When I was growing up, travel was simply cool and people didn’t worry much about personal footprint. Climate change was a societal problem, not something for individuals. The contradiction between caring about the environment and getting on a plane existed but wasn’t visceral: you didn’t see the damage by traveling. If anything, going to wild places felt like being on the right side: you were the one who appreciated nature, not the one destroying it.
That has changed. The damage has now scaled up to the point where it is, sadly, spectacular in its magnitude. Yet lots of people walk past without recognizing that they’re seeing a recent and dramatic transformation.
Traveling in the 2020s, especially across oceans, feels hypocritical. Flying is unsustainable and I know it. I’ve tried to mitigate: some trips were for conferences, one was aboard a sailing ship; I’ve never owned a car and have cut my beef consumption drastically; I try to be politically active. But I’m not going to claim this makes me blameless. Some people have simply chosen never to fly, and they are doing better than me.
Traveling does give me something, though: a front-row seat to the damage. Despite my own contradictions (or hypocrisy, if you prefer), I think it’s worth documenting.
The Mer de Glace is the largest glacier in France, and an easy day trip from Chamonix. From the viewpoint above the ice, the retreat is visible directly: markers along the descent show where the glacier surface stood in 1990, 2000, 2010, each a strikingly deeper level than the last.
All over the Alps, glaciers are retreating at accelerating rates. The permafrost is melting, causing dramatically increased rockfall: classic routes that have been climbed for a century are disappearing one by one in massive collapses. The Alps are, literally, falling apart, as the ice that held the rock together during summer thaws away.
In glacier-fed regions of southern Europe, this matters practically, not just aesthetically. Glacier meltwater sustains rivers through dry summers, used for agriculture and drinking water in northern Italy and southern France. Right now, the waterflow is holding because the glaciers are actively shrinking. But that is temporary. Once they are gone, the flow will drop to a fraction of what it is today.

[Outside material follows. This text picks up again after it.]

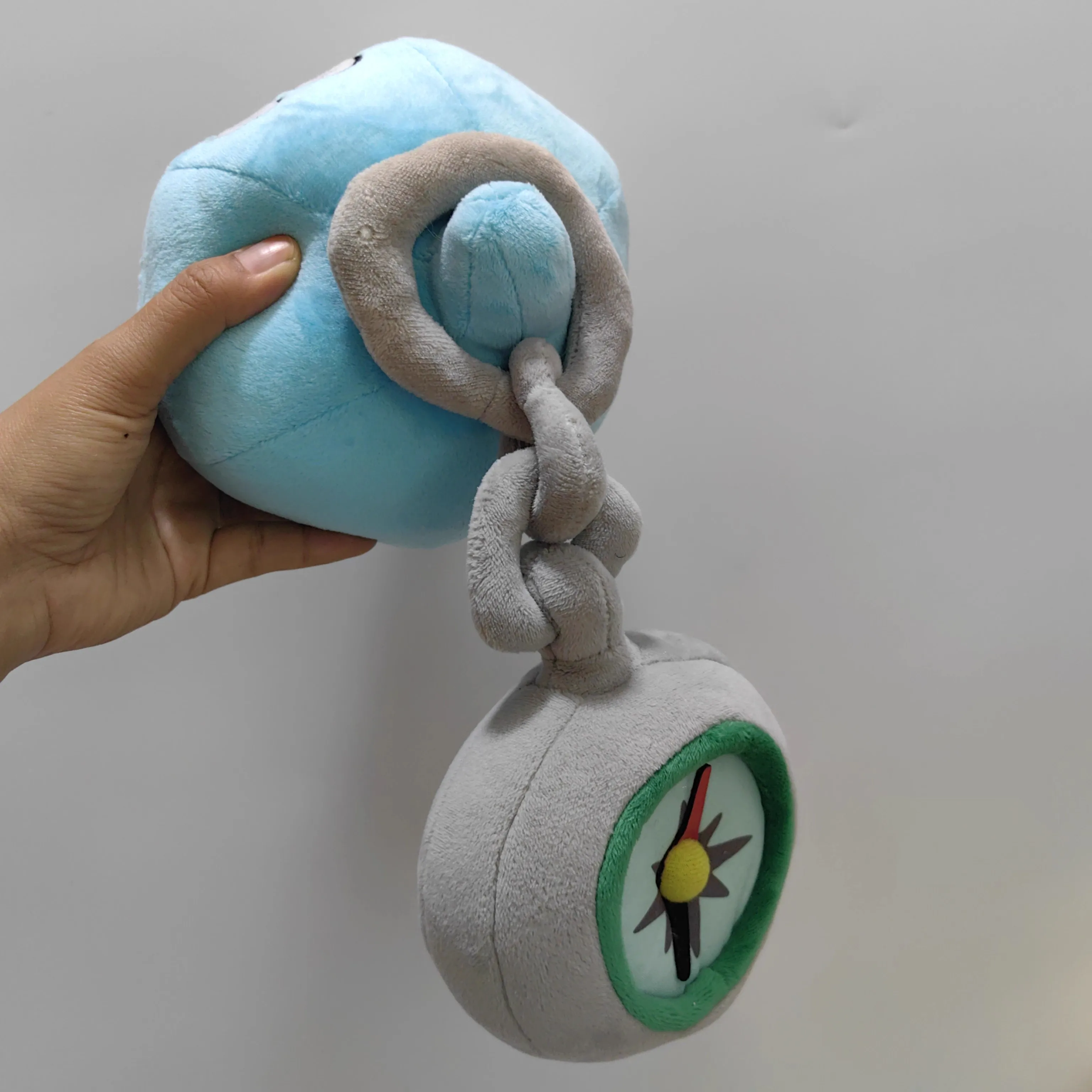 Sfec5b71caec94f2c834a6c4d4035caa3I - Dragon Quest Shop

In August 2025 I spent a few days in the Écrins massif with two friends. La Bérarde is a small village at the head of one of the most pristine valleys in the French Alps, living almost entirely from alpinism and hiking tourism. In June 2024 it was struck by a combined storm and glacial lake outburst flood: a torrent of water and rocks ran through the village, and its inhabitants were evacuated in what became the largest airlift ever conducted in metropolitan France. When we walked through, a year later, barely any reconstruction had taken place. The village was completely silent and depopulated.
From La Bérarde we hiked up to the Refuge de la Pilatte, closed since 2020. A crack appeared in its walls, running not just through the building but through the whole mountainside, which is sliding toward the void left by the retreating glacier below. The refuge is not cracking; the mountain is.
Above the hut, we climbed Mont Gioberney. What had been a long glacier walk a decade ago was now mostly scree and bare rock, with a somewhat pathetic glacier about a hundred meters long and quickly fading away in the final stretch.
Later we hiked up to the Glacier du Vallon de la Pilatte and found it still looking mighty. But it is retreating too, and the timeline is clear.
At the latitude of the Arctic Circle in Norway, the Austerdalsvatnet glacier once reached into the lake. It no longer does. In Patagonia, at the end of the glacial lake I crossed by packraft in 2024, a castle-shaped iceberg stood alone in the water: the last remnant of what had been a continuous wall of ice. Above it, the northern ice field was losing mass and altitude every year.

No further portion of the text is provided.